63-year-old Gupta is accused of providing now-imprisoned hedge fund manager Raj Rajaratnam with boardroom secrets between March 2007 and January 2009 while he was a director of Goldman Sachs and Procter & Gamble Co.
Gupta, also onetime head of McKinsey & Co management consultancy, is the most prominent corporate figure indicted in a broad US government crackdown on insider trading in recent years in which dozens have been convicted. He denies the charges and says prosecutors have no direct evidence.

63-year-old Gupta is accused of providing now-imprisoned hedge fund manager Raj Rajaratnam with boardroom secrets.
On the fourth day of Gupta's trial in Manhattan federal court, William George, a Goldman board member since 2002, affirmed on the witness stand that the investment bank's policy prohibited discussion of board meetings with outsiders.
He confirmed that a June 28, 2008 board meeting at the Hotel Astoria in St Petersburg, Russia, had included discussion of Goldman possibly acquiring a commercial bank. Rajaratnam and Gupta were recorded on a wiretap a month later talking about it, but that is not included in the indictment.
In one of the six charges, prosecutors contend that Gupta tipped Rajaratnam, in an illegal breach of his fiduciary duties, about a deal on September 23, 2008 that gave Goldman a $5-billion boost from renowned investor Warren Buffet's Berkshire Hathaway Inc when markets were in crisis.
One of the government's next witnesses on Friday or early next week will be former McKinsey manager Anil Kumar, who was once friends with both Gupta and Rajaratnam. Kumar pleaded guilty to criminal charges and testified against the hedge fund manager at his trial a year ago.
In testimony on Thursday, a McKinsey technology and security manager confirmed phone records of calls made on September 23, 2008 by Gupta from an office he still had at McKinsey in New York. The office was provided as a courtesy to former managing directors. McKinsey has since severed relations with Gupta.
The jury was shown a document detailing the time he called into a special Goldman board meeting convened to approve the Buffet deal. When the call ended at about 3.53 pm New York time, he dialed Rajaratnam at Galleon Group, the document showed.
There is no FBI wiretap of that call, which ended at about 3.55 pm, but prosecutors played the jury a conversation recorded early the next morning between Rajaratnam and his principal trader, Ian Horowitz.
"I got a call, right, saying something good's gonna happen," Rajaratnam told Horowitz, who was not in the office on September 23, 2008. The jury heard Rajaratnam say that it was 3:58 - just two minutes before markets closed - when he ordered traders to buy Goldman shares. Galleon made about $840,000 in illegal profits.

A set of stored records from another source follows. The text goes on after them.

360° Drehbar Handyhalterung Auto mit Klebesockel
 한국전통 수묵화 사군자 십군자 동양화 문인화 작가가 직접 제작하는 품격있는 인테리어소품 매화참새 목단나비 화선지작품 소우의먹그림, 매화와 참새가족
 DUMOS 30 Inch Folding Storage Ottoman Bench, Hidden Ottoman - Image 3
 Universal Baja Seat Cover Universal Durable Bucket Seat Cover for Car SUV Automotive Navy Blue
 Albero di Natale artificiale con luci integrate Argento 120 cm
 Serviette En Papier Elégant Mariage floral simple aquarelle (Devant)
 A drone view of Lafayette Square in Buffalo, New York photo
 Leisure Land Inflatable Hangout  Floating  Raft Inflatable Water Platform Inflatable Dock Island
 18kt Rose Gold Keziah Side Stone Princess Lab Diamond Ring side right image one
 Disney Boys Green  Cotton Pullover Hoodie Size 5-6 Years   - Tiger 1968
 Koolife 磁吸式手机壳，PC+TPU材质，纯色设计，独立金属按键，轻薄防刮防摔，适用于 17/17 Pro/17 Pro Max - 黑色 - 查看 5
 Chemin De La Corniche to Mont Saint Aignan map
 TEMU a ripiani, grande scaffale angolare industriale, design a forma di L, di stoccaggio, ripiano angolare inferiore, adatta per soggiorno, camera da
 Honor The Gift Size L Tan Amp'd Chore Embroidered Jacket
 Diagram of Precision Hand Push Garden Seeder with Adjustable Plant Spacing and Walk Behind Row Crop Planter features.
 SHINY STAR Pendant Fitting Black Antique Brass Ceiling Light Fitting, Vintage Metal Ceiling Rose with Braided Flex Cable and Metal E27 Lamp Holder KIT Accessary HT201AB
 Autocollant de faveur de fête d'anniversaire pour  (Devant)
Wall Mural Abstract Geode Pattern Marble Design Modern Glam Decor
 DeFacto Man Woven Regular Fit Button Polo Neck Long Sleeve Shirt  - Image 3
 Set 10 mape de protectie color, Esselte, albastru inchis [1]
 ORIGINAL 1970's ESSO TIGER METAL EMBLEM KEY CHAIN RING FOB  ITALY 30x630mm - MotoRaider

Prosecutors, who played a tapped phone call on Wednesday of Gupta and Rajaratnam casually discussing business in July 2008, on Thursday presented email evidence of their friendship.
On February 10, 2007, Gupta responded to an email from McKinsey & Co director Marshall Lux, who wrote to tell him he had joined the board of the Harlem Children's Zone, a charity that Rajaratnam supported.
"Congratulations... Raj is one of the most outstanding hedge fund managers and a very close friend," Gupta's email said.
Rajaratnam, whose firm had $7 billion under management at its peak, was convicted of 14 criminal charges. He is serving a prison term of 11 years.
Another allegation in the indictment is that Gupta told the hedge fund manager about the sale of P&G's Folgers coffee unit to JM Smucker Co for $3 billion before the June 4, 2008 public announcement of the deal. JM Smucker Co Chief Financial Officer Mark Belgya testified that details were intended to be kept confidential until a joint press release by the companies.